Nordkorea will lieber Kontrolle als Lebensmittel
20. Dezember 2005Bereits Ende August 2005 hatte das Regime in Pjöngjang dazu aufgefordert, die ausländischen humanitären Projekte bis Ende des Jahres abzuschließen. Mitte Dezember hatte James Morris, Direktor des Welternährungsprogramms (World Food Programme – WFP), noch zweitägige Gesprächen mit nordkoreanischen Regierungsvertretern geführt - ohne Erfolg.
Zwei Millionen Nordkoreaner verhungert
Dabei gilt das kommunistisch regierte Land als eines der ärmsten weltweit. Mitte der 1990er Jahre waren viele Hilfsorganisationen auf Bitten Pjöngjangs ins Land gekommen. Damals war die staatlich kontrollierte Landwirtschaft zusammengebrochen und es herrschte eine Dürreperiode. Nach Schätzungen sind in der Zeit mehr als zwei Millionen Nordkoreaner verhungert.
Seitdem hat alleine die UN-Organisation WFP im bisher größten Hilfsprojekt ihrer Geschichte nach eigenen Angaben 1,7 Milliarden US-Dollar an Hilfe für das diktatorisch regierte Land geleistet. Laut WFP leiden nach wie vor Zehntausende Nordkoreaner an Unterernährung. Noch heute gilt ein Drittel bis die Hälfte aller Kinder als nicht ausreichend ernährt.
Wünsche an die Helfer
Nordkoreas Führung hatte den Verzicht auf Nahrungsmittelhilfe schon vor einigen Wochen mit einer besseren Ernte und mehr Lieferungen aus Südkorea und China erklärt. Man wolle außerdem verhindern, von ausländischen Spenden abhängig zu werden, hieß es. Laut WFP-Direktor Morris wünsche Pjöngjang zudem, dass die Organisation zukünftig anstelle von Lebensmitteln Entwicklungshilfe bereitstelle.
Hilfsorganisationen und Asien-Experten halten diese Gründe jedoch für vorgeschoben. "Die Entwicklungshilfe für Nordkorea ist erst im Herbst 2002 wegen der zweiten Nuklearkrise in Nordkorea ausgesetzt worden. Weil das Regime in Pjöngjang angab, Atomwaffen zu entwickeln, haben die Geberländer die Hilfe gestoppt und wollen das Geld nicht freigeben", sagt Hanns Günther Hilpert, Ostasien-Experte der Stiftung Wissenschaft und Politik in Berlin.

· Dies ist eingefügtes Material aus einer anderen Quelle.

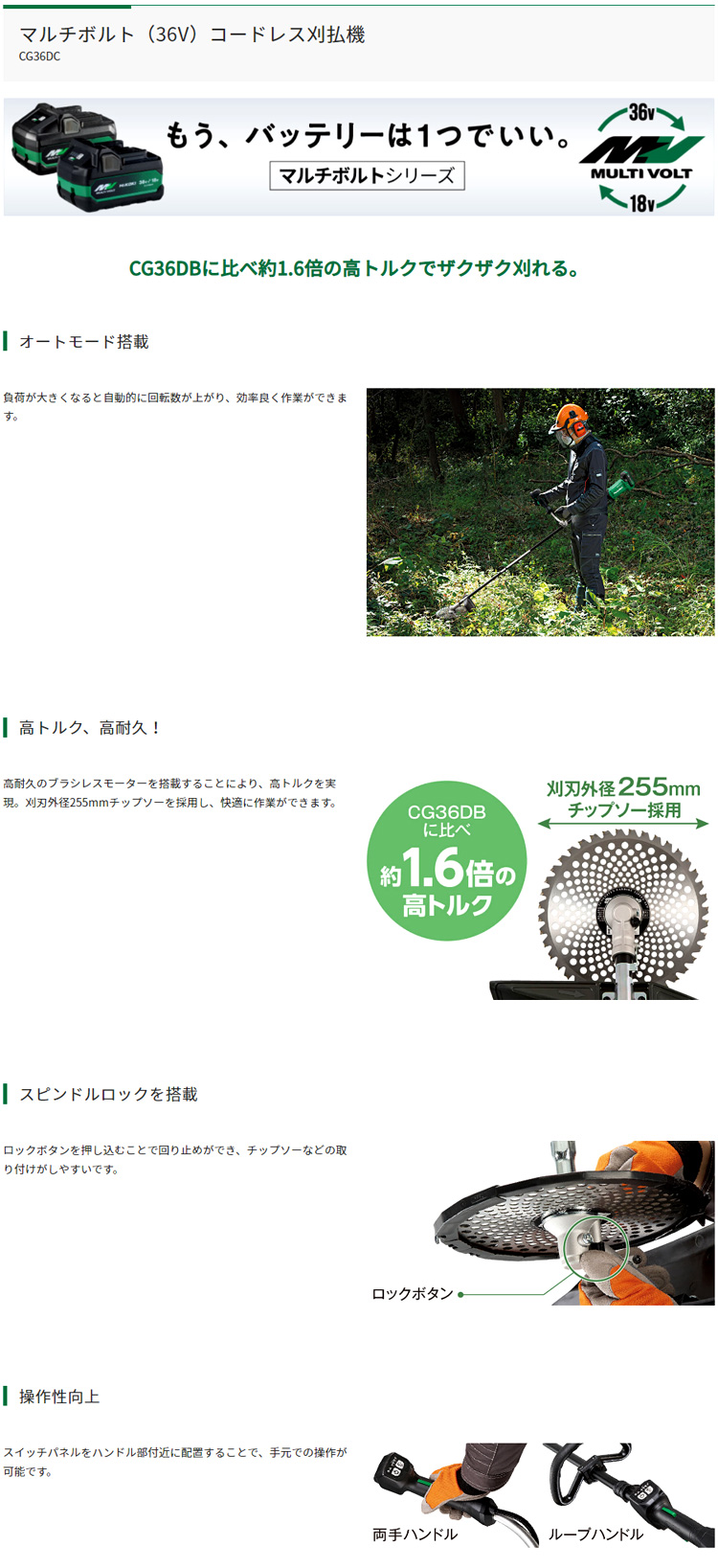 76%OFF!】 HiKOKI ハイコーキ CG36DC NN 36Vコードレス刈払機 両手ハンドルマルチボルト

Kontrollen durch Ausländer unerwünscht
Die Hilfslieferungen des Nachbarn Südkorea oder des kommunistischen China sind hingegen willkommen, weil sie von Kontrollen nicht anhängig sind. "Südkorea prüft nicht, ob dessen Hilfslieferungen tatsächlich bei Bedürftigen und nicht beim Militär ankommen", sagt Hilpert. "China hat diese Auflage für seine Lebensmittel gar nicht." Die UN und europäische Hilfsorganisationen überprüfen diese Bedingungen hingegen, und zwar mit Mitarbeitern im Land. Die Kontrollen durch Ausländer sind laut Hilpert der Hauptgrund, warum Pjöngjang auf die fremde Hilfe lieber verzichtet.

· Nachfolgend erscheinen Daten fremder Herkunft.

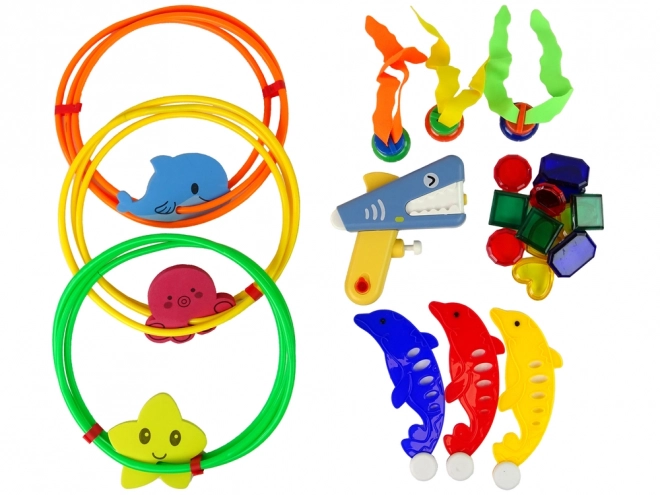 Set di giochi subacquei con hula hoop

Einfluss- und Informationskanal
Bis zu 120 ausländische Mitarbeiter von Hilfsorganisationen sind schätzungsweise noch im Land, 32 davon vom WFP. Sie haben in dem rigoros abgeschotteten Nordkorea durch ihren – wenn auch begrenzten – Kontakt mit der Bevölkerung einen Einfluss- und Informationskanal geschaffen, den Pjöngjang nicht kontrollieren kann.
"Jede westliche Präsenz will man aus dem Land raus haben, damit die völlige Kontrolle bestehen bleibt", sagt auch Thorsten Hinz, Referent im Asien-Referat der katholischen Hilfsorganisation Caritas international. Sie leistet seit Jahren zusammen mit dem WFP Unterstützung in Nordkorea.
Kompromiss gesucht
Doch auch wenn die Frist für das Ende der Nothilfe bis Jahresende auf dem Tisch liegt, scheint das letzte Wort noch nicht gefallen. "Das WFP spricht derzeit mit den Geberländern über die Bedingungen Nordkoreas", sagt Bettina Lüscher vom Welternährungsprogramm. Zwei bis vier Wochen könne es noch dauern, bis die UN-Organisation entscheiden muss, wie sie in dem Land arbeiten will und kann. "Es geht um die Frage, welche Art von Hilfe geleistet werden kann. Aber auch darum, wie viele Leute bleiben können", sagt Lüscher.
Die Deutsche Welthungerhilfe, die eine eigene Niederlassung im Land hat, wartet zunächst ab. Caritas international macht erstmal weiter und zeigt sich zuversichtlich: "Wir denken, dass es noch einen Kompromiss über die Bedingungen der Hilfe geben wird", sagt Asien-Experte Hinz.